On the other hand, the theory, first advanced by J. T. Milik, the official editor of the Copper Scroll, that the document recounts a story about a legendary hidden treasure, runs into equally serious difficulties. Only an unbalanced mind would laboriously engrave on copper in language of utmost seriousness and realism, a twelve-column-long complicated list of sixty-four purely fictional caches. In short, with the Copper Scroll we are still at square one.

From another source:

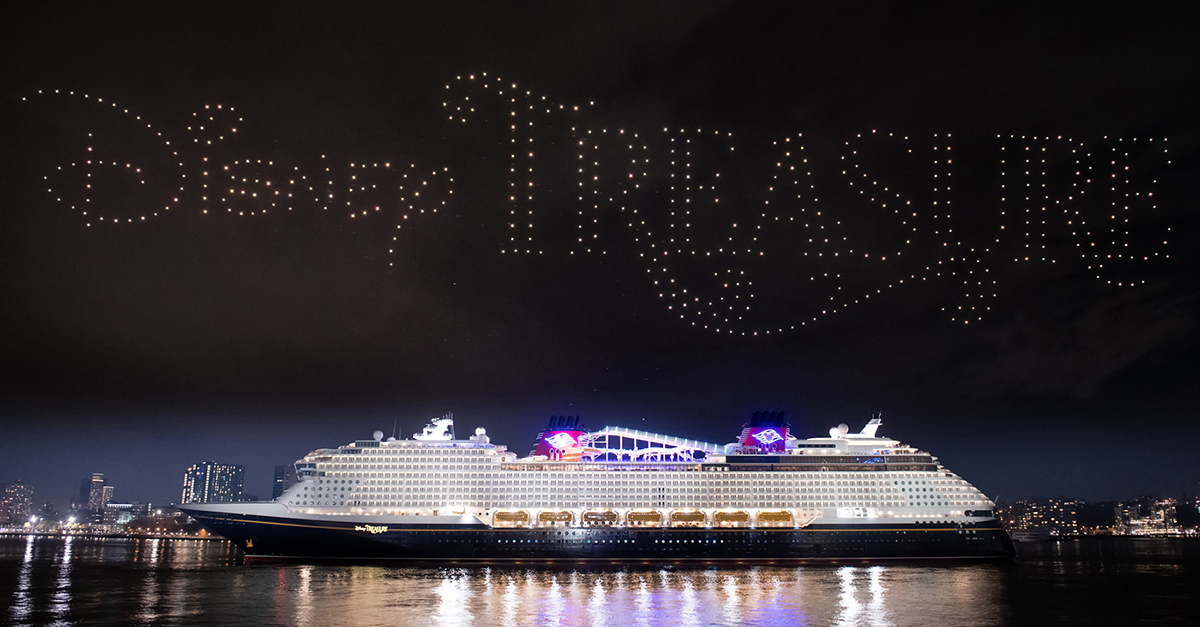 photo of the Disney Treasure, Disney's newest cruise ship, during its christening at night, with drones in formation above spelling out "Disney Treasure"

The two ostraca found by Professor James F. Strange from the University of South Florida in 1996 on the Qumran site itself are also a puzzle. The text on the second sherd is badly damaged and is without significance. The first is very difficult to decipher and two completely different interpretations have been offered. According to the ‘official’ editors, Frank Moore Cross and Esther Eshel, the potsherd contains the draft of a deed of gift in which a certain Honi, in fulfilment of his oath to the Qumran Community, handed over to Eleazar, son of Nahmani (the Bursar of the sect?) a slave called Hisday of Holon, as well as a house and an orchard. If this reading and interpretation are correct, we have the first external documentary evidence, discovered on the Qumran site itself, regarding a sectarian practice, that of a ‘novice’ handing over his property to an official of the sect (DJD, XXXVI, pp. 497–508).

However, another renowned palaeographer, Dr Ada Yardeni of the Hebrew University, arrived at an entirely different decipherment and explanation. Instead of the name, Hisday of Holon, she reads ‘these sackcloths’, and ‘when he fulfilled his oath to the community’ becomes ‘and every other tree’. Here, with no allusion to the sect, we have a pathetically prosaic donation by Honi to Eleazar of sackcloths, a house, fig trees and olive trees (Israel Exploration Journal, 47 (1997), pp. 233–7).

Both interpretations are problematic. One needs a substantial amount of good will or creative imagination to recognize with Cross and Eshel the crucial term ‘Community’ (yahad) on the ostracon. On the other hand, one would hardly expect a list of valuable gifts, a house and fruit trees to open with the unexciting item of sackcloths. I am afraid we have not yet heard the last word about this humble potsherd, which may or may not hold the key to the identity of the Qumran sect.

This is the summary account of the non-biblical sectarian Dead Sea Scrolls. The three main questions it still leaves open regarding the archaeological evidence, the identity and the history of the Qumran Community will be rein-vestigated in the next chapter.